## About this exercise
Pictures in the listing do not belong in the copy, which should repeat exactly the lines from the one holding "Loïs Chapignac, Camera Operator" through the last line.

## Exercise data
==*==

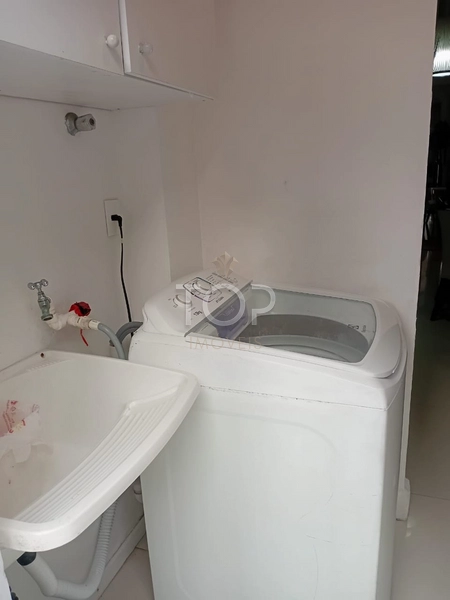 APARTAMENTO DIFERENCIADO: 22ª foto da galeria de imagens do imóvel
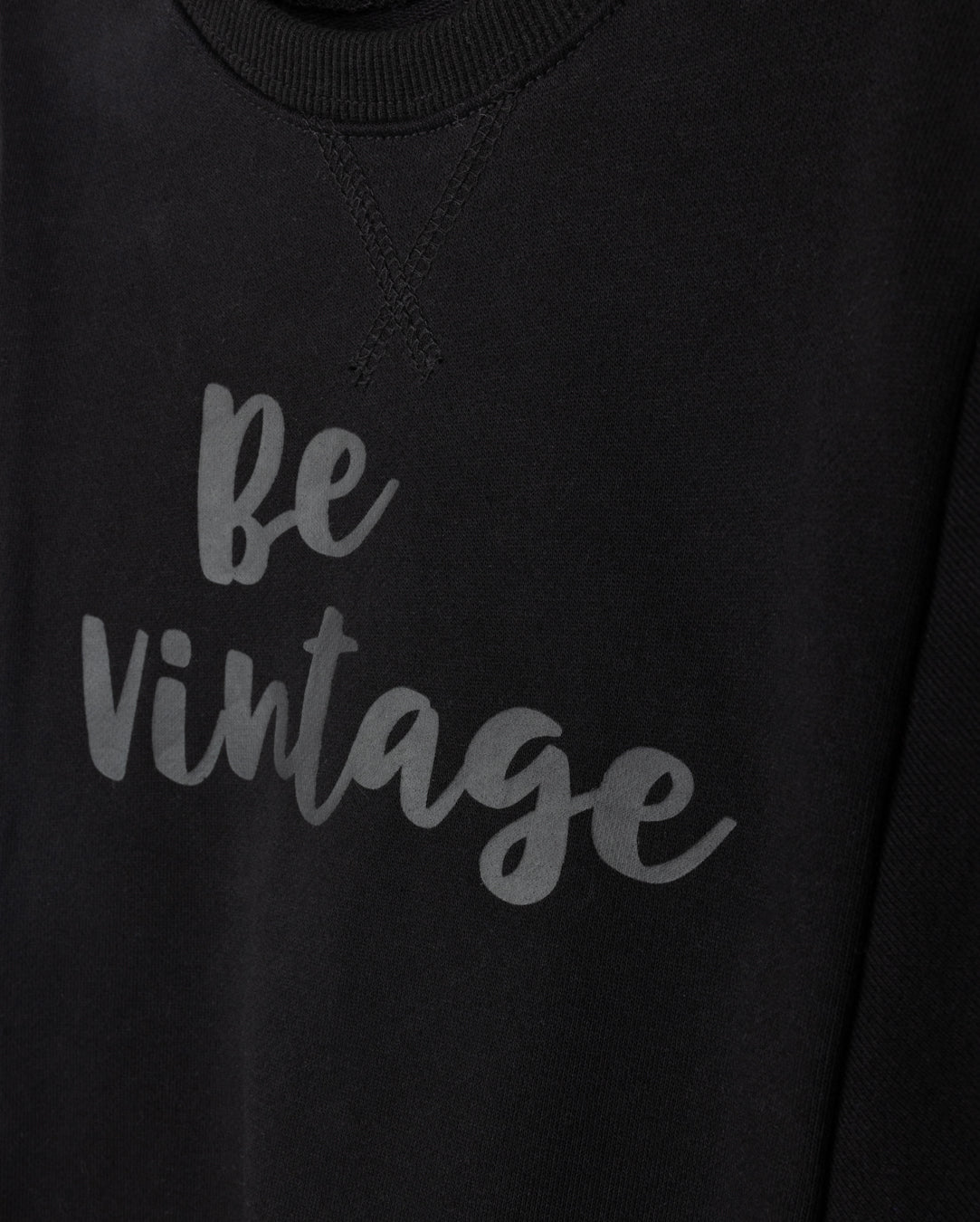 Tess Sweatshirt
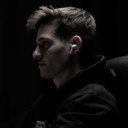Loïs Chapignac, Camera Operator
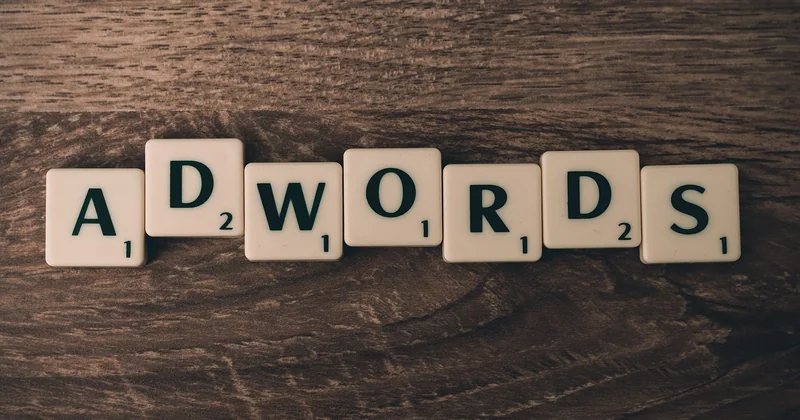 Comment vérifier que Google a vraiment indexé votre page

==*==

## Your response
Loïs Chapignac, Camera Operator
 Comment vérifier que Google a vraiment indexé votre page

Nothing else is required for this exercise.